[Aim of the exercise]:
Repeat exactly, and only, the lines from the line bearing "2w1 Ostrzałka do" through the end of the material. Do not copy the pictures.

Task material Block Start

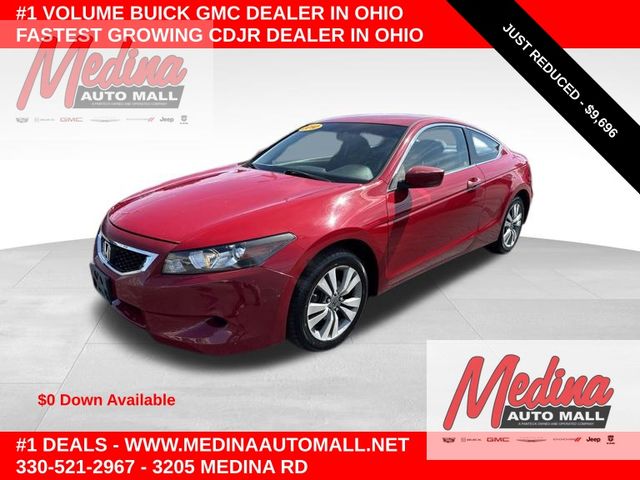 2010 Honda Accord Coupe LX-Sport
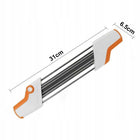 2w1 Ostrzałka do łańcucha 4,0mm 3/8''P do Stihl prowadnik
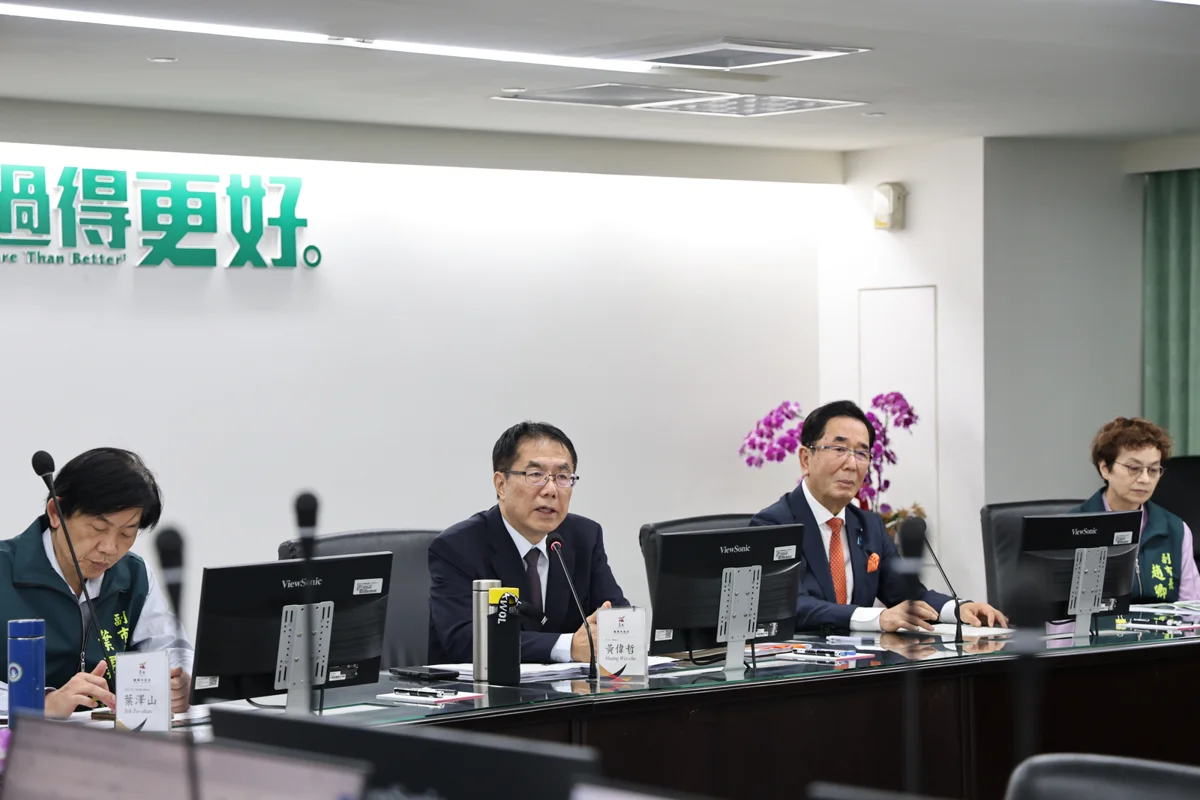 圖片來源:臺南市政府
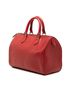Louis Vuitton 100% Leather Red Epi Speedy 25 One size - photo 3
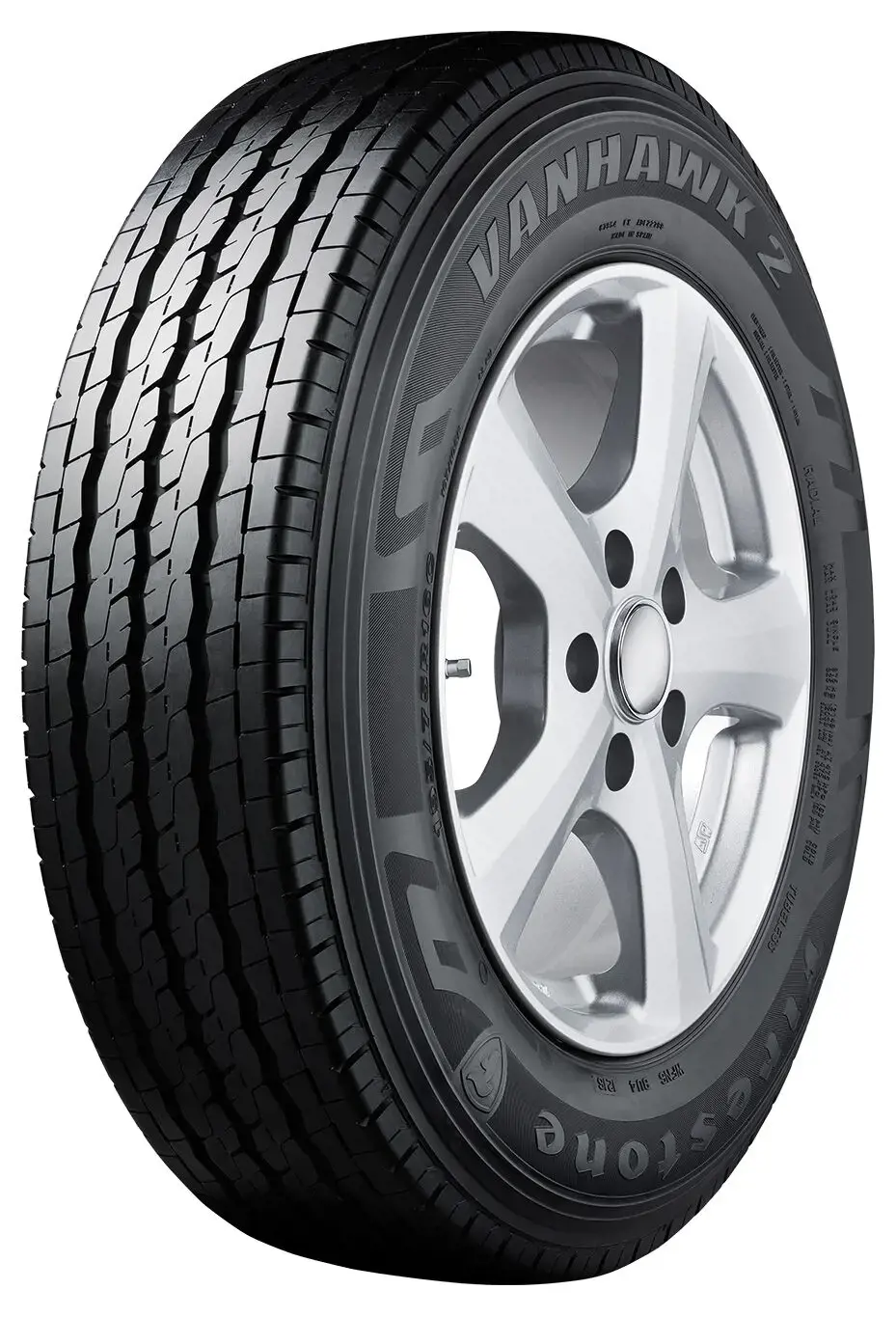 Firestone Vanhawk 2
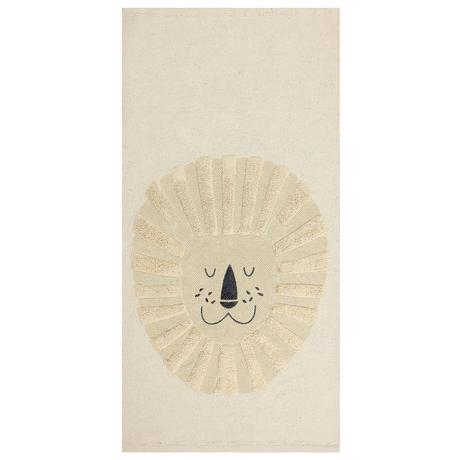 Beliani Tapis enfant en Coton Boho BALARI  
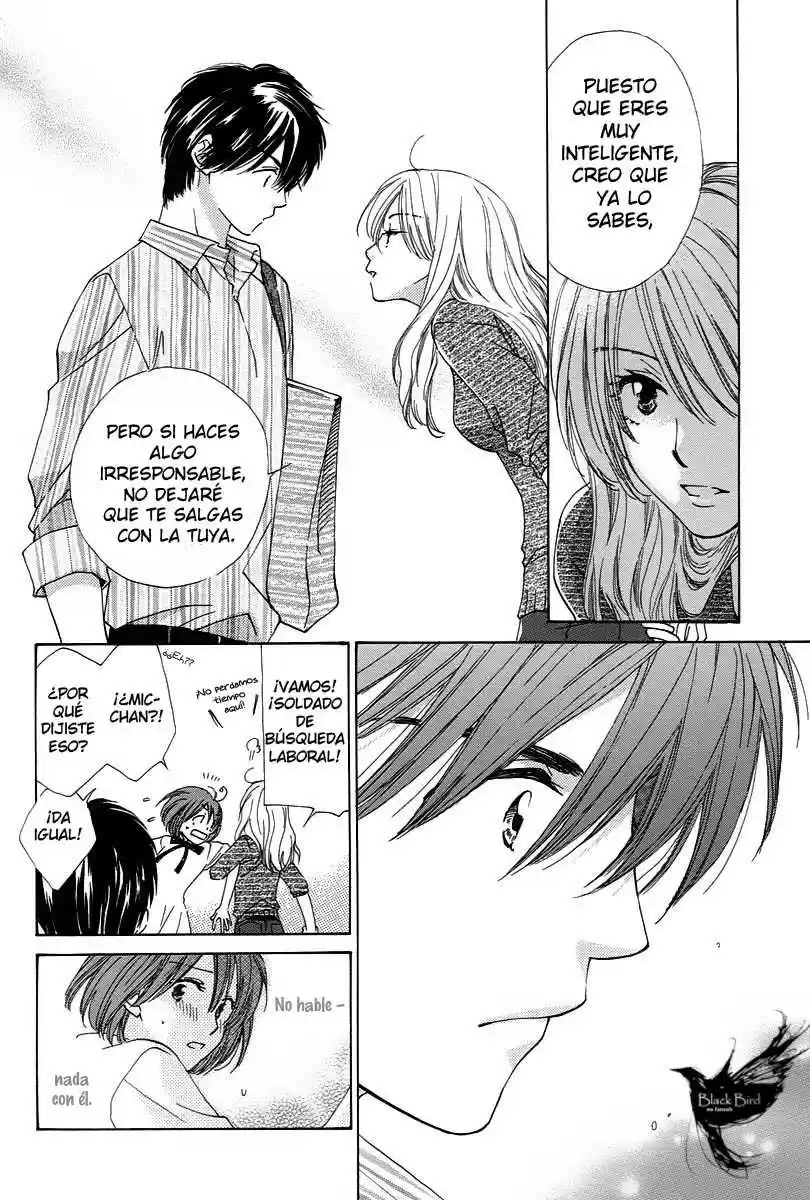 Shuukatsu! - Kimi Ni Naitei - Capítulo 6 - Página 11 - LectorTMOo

Task material Block End

[The answer]:
 2w1 Ostrzałka do łańcucha 4,0mm 3/8''P do Stihl prowadnik
 圖片來源:臺南市政府
Louis Vuitton 100% Leather Red Epi Speedy 25 One size - photo 3
 Firestone Vanhawk 2
 Beliani Tapis enfant en Coton Boho BALARI  
 Shuukatsu! - Kimi Ni Naitei - Capítulo 6 - Página 11 - LectorTMOo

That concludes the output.